*** STUDY MATERIAL ***

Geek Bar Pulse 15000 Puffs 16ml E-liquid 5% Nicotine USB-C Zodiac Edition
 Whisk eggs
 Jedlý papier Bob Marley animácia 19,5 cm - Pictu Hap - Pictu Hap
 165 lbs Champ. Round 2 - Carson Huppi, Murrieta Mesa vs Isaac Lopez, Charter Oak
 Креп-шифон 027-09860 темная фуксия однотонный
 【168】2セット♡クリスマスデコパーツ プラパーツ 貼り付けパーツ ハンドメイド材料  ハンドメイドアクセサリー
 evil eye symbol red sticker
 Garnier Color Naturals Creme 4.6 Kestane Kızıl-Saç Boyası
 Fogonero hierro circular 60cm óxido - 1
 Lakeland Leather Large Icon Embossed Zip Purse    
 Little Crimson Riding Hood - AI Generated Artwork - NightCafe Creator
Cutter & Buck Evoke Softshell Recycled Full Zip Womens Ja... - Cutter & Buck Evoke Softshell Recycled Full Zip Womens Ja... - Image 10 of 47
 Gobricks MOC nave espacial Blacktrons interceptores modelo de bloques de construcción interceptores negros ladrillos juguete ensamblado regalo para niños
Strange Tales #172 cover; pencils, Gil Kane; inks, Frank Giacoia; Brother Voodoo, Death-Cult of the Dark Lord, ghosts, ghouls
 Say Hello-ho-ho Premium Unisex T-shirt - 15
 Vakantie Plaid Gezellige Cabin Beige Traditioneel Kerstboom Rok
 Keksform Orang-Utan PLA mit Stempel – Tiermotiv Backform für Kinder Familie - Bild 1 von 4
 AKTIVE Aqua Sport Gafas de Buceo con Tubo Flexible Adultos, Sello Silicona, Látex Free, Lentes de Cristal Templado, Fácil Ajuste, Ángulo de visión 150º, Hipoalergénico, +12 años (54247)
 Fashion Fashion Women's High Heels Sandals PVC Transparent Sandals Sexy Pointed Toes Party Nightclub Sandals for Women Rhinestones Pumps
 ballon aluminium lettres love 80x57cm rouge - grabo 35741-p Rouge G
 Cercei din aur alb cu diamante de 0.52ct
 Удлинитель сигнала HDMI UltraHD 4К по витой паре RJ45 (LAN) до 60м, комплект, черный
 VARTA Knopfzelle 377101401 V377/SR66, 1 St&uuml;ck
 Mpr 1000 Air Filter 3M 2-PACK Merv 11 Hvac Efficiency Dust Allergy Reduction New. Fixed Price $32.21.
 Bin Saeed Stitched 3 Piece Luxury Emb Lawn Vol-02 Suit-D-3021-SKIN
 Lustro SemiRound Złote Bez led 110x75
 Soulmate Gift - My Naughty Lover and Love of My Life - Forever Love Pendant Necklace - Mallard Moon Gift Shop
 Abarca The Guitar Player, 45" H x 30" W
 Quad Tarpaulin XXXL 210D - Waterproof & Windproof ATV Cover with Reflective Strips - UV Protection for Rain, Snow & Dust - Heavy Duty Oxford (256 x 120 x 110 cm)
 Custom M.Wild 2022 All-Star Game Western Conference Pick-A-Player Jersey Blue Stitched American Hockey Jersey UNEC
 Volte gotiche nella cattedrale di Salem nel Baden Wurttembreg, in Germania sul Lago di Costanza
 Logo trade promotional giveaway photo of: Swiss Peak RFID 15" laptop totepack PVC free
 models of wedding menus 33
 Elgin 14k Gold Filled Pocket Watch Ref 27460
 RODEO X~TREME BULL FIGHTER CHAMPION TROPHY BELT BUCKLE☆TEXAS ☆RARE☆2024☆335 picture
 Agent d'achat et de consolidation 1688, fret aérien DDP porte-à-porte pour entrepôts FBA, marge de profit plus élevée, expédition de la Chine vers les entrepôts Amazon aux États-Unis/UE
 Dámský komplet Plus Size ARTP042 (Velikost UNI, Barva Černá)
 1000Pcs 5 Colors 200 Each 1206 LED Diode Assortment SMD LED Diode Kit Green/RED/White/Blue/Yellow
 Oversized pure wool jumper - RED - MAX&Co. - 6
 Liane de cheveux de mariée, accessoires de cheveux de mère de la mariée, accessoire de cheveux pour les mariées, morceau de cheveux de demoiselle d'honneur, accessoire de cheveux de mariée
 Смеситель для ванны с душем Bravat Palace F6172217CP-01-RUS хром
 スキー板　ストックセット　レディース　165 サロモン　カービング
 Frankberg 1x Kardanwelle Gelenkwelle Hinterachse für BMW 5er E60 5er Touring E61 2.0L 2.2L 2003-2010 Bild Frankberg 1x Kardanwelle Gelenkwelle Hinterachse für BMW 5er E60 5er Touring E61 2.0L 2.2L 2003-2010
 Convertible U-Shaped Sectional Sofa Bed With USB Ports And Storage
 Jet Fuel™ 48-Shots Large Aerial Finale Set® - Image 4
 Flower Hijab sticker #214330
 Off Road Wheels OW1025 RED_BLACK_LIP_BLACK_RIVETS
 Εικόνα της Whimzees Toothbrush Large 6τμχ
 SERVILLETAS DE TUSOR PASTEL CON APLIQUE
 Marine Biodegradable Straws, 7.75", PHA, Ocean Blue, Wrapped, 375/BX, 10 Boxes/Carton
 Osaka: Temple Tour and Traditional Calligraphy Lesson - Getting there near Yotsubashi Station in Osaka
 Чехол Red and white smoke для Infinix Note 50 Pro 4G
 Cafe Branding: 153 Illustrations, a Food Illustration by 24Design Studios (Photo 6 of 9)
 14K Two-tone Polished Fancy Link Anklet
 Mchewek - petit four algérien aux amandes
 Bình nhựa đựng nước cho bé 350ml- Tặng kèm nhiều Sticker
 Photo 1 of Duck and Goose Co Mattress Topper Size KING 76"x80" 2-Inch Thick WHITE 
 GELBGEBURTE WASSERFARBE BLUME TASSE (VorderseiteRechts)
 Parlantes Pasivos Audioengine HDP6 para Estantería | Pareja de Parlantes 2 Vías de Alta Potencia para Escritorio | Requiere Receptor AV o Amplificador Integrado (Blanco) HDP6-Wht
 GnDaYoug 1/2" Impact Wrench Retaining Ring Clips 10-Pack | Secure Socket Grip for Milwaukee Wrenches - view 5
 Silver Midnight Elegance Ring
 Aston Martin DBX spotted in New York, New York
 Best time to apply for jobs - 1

*** End of STUDY MATERIAL ***

- **AIM OF THE TASK**: Show the lines above that have the word "para".

- **OUTPUT OF THE EXERCISE**:
 Gobricks MOC nave espacial Blacktrons interceptores modelo de bloques de construcción interceptores negros ladrillos juguete ensamblado regalo para niños
 Parlantes Pasivos Audioengine HDP6 para Estantería | Pareja de Parlantes 2 Vías de Alta Potencia para Escritorio | Requiere Receptor AV o Amplificador Integrado (Blanco) HDP6-Wht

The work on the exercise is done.